- **ASSIGNED TASK**:
Reproduce every record below exactly as written, but leave out any pictures.

- **PROVIDED MATERIAL**:
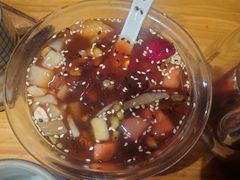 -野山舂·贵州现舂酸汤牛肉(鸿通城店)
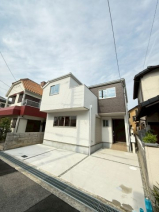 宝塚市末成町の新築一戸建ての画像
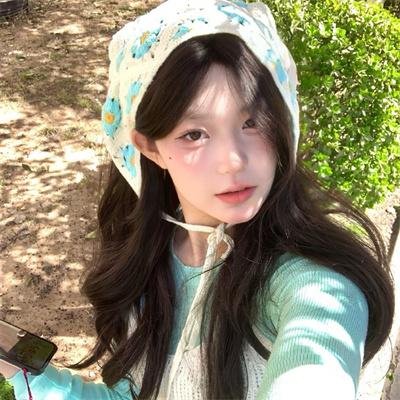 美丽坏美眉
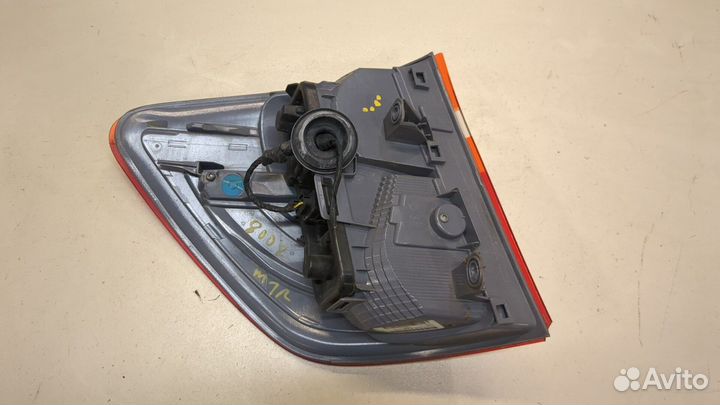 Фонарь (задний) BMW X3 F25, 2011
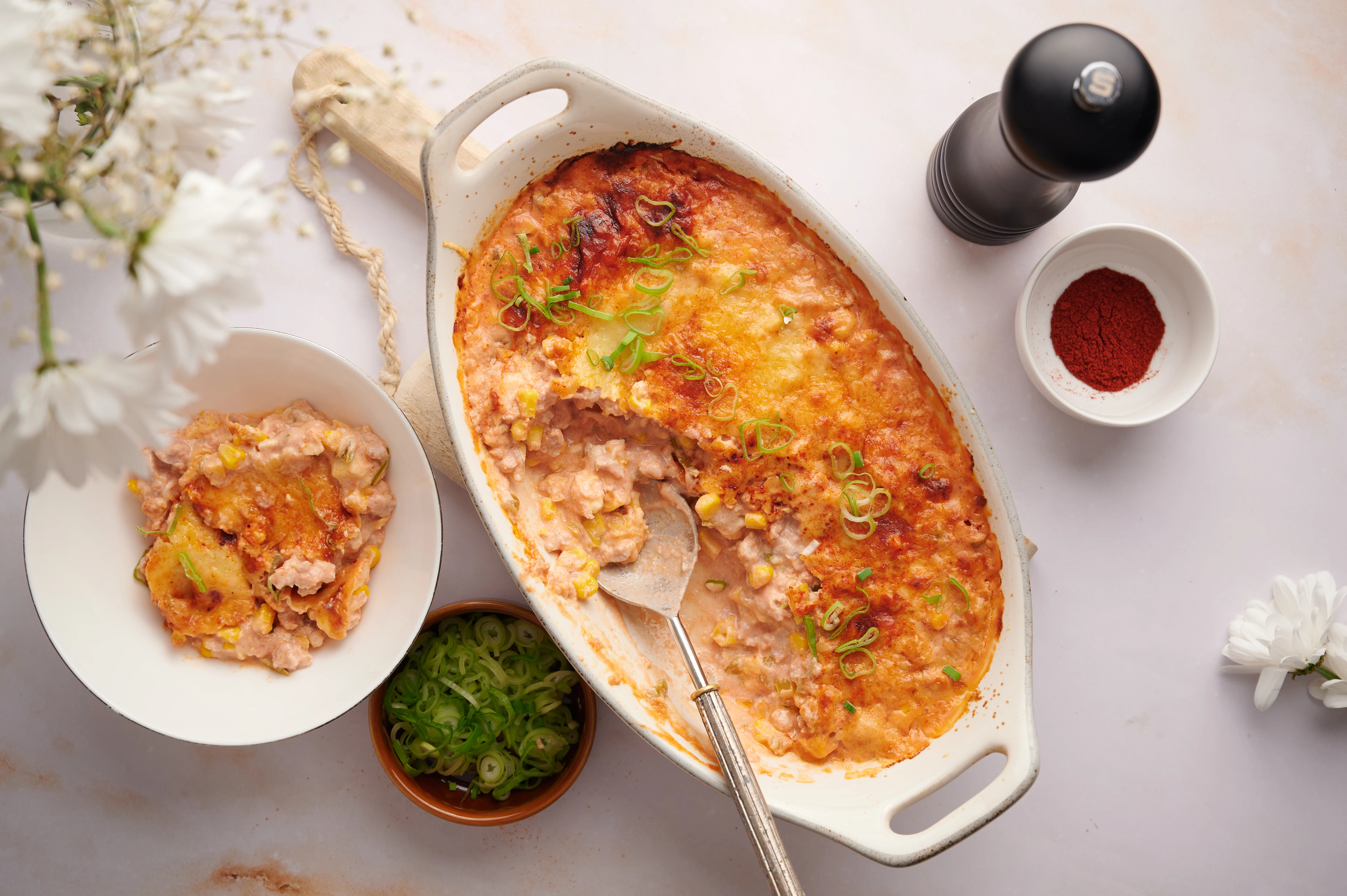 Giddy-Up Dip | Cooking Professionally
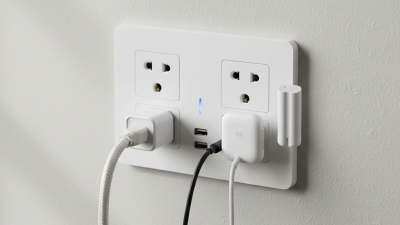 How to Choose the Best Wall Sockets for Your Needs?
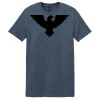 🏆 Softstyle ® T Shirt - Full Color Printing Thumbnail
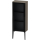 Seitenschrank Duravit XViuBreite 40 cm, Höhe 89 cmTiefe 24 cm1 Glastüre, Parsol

- **ANSWER AREA**:
 -野山舂·贵州现舂酸汤牛肉(鸿通城店)
 宝塚市末成町の新築一戸建ての画像
 美丽坏美眉
 Фонарь (задний) BMW X3 F25, 2011
 Giddy-Up Dip | Cooking Professionally
 How to Choose the Best Wall Sockets for Your Needs?
 🏆 Softstyle ® T Shirt - Full Color Printing Thumbnail
 Seitenschrank Duravit XViuBreite 40 cm, Höhe 89 cmTiefe 24 cm1 Glastüre, Parsol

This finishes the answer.